Observe o que aparecer a qualquer momento na mente e aprenda a partir dela. Este método é uma maneira de praticar a atenção plena. Concentração e sabedoria podem ser alcançadas e você se torna ciente de seus campos sensoriais internos: olhos, ouvidos, nariz, língua, corpo e mente.
A meditação sobre o corpo usando apenas esses dois métodos leva a benefícios. Não há impacto negativo dessa prática. Uma vez que a prática for dominada, você não precisará mais se concentrar em sua respiração.
Atenção na mente
Observar a mente é mais fácil do que observar o corpo. É difícil observar o corpo corretamente se a mente não está firmemente enraizada consciência, isto é, se nossa mente tende a escorregar para o objeto de observação.
Quando observamos a mente, veremos que há duas coisas que surgem em cada momento: um fenômeno mental e consciência. Isto é porque a consciência de alguém não surge a menos que haja um fenômeno mental – eles aparecem em uníssono.
Não podemos observar a mente sem fenômenos mentais (cetasika) porque a mente não tem corpo ou forma própria. Então, primeiro devemos observar cada fenômeno mental, seja ele classificado como sentimento ou sensações (vedãna), memória (sañna) ou pensamento ativo ou formações mentais (sankhara).
Todos esses fenômenos surgem e decaem em conjunto com a consciência. Por exemplo, às vezes temos uma mente virtuosa e às vezes não. Nossa impressão é que a mente que nos pertence agora é virtuosa, ou é ambiciosa, ou está perdida em pensamentos ou percepções sensoriais. É assim que nós observamos em primeiro lugar. Mas quando surgir a mente madura com sabedoria, ela verá claramente que consciência é uma coisa e ambição é outra. Consciência é uma coisa e não gostar é outra. Consciência é uma coisa e pensamento é outro. Eles se mostrarão como processos separados e distintos.
Os meditadores devem constantemente aplicar plena consciência do presente simplesmente reconhecendo a existência e natureza desses fenômenos mentais. Não há intervenção consciente envolvida para suprimir um pensamento ou incentivar outro. É um processo simples e descomplicado de reconhecer as realidades como são, um puro ato psicológico de desapego compreensão e aceitação.

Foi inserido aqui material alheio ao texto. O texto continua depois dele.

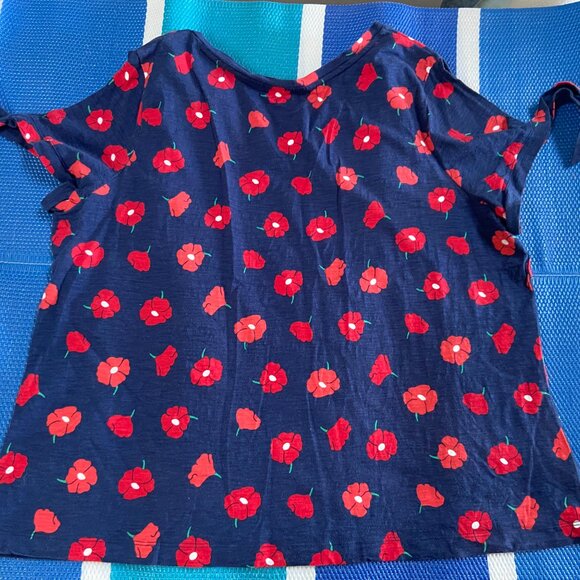 St John’s Bay XX-Large Navy Poppy Blouse Cold Shoulder, Shoulder Ties - Picture 2 of 7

Ao praticar continuamente de acordo com esse método, não apenas passa a entender-se melhor, mas eventualmente penetrará profundamente nos confins mais remotos da própria consciência. Esse tipo de prática contribui substancialmente para a paz e harmonia, tanto do indivíduo como da sociedade.
Mais tarde seremos capazes de observar diretamente a sua verdadeira natureza (Dhamma-Nupassana). Mas primeiro, continue assistindo e conhecendo os fenômenos que surgem na mente. Se já praticamos uma certa técnica de meditação que envolve vigiar o corpo e/ou a mente, é recomendável que fiquemos com ela.
Não há necessidade de parar ou mudar o que fazemos. Quando entendemos os princípios corretamente, devemos integrá-los em nossa prática atual. Nossa postura e técnica não são nem um pouco relevantes. Podemos apenas continuar praticando qualquer que seja o estilo que aprendemos no passado, embora devamos trazer uma compreensão para isso. Se os princípios fundamentais por trás de nossa prática são inexistentes ou mal interpretados, não importa quão graciosamente estejamos sentados; não praticaremos Vipassana e o que fazemos não levará ao Insight.
A origem do ensinamento
Textos traduzidos por mim, retirados do livro Walk to be the knower de Phra Anek Thanissarapoti. Recebi este livro como presente durante um retiro de vipassana num monastério tailandês. Me pediram para espalhar a palavra e divulgar o ensinamento. É o que busco realizar ao disponibilizar esse conteúdo aqui.
“Andar para ser o conhecedor” é a maneira de praticar meditação com a concentração certa para despertar nossa mente para fora do mundo do pensamentos e das fabricações.
O objetivo deste livro é apenas orientar os estrangeiros a compreender melhor a prática da Meditação Vipassana e o Budismo.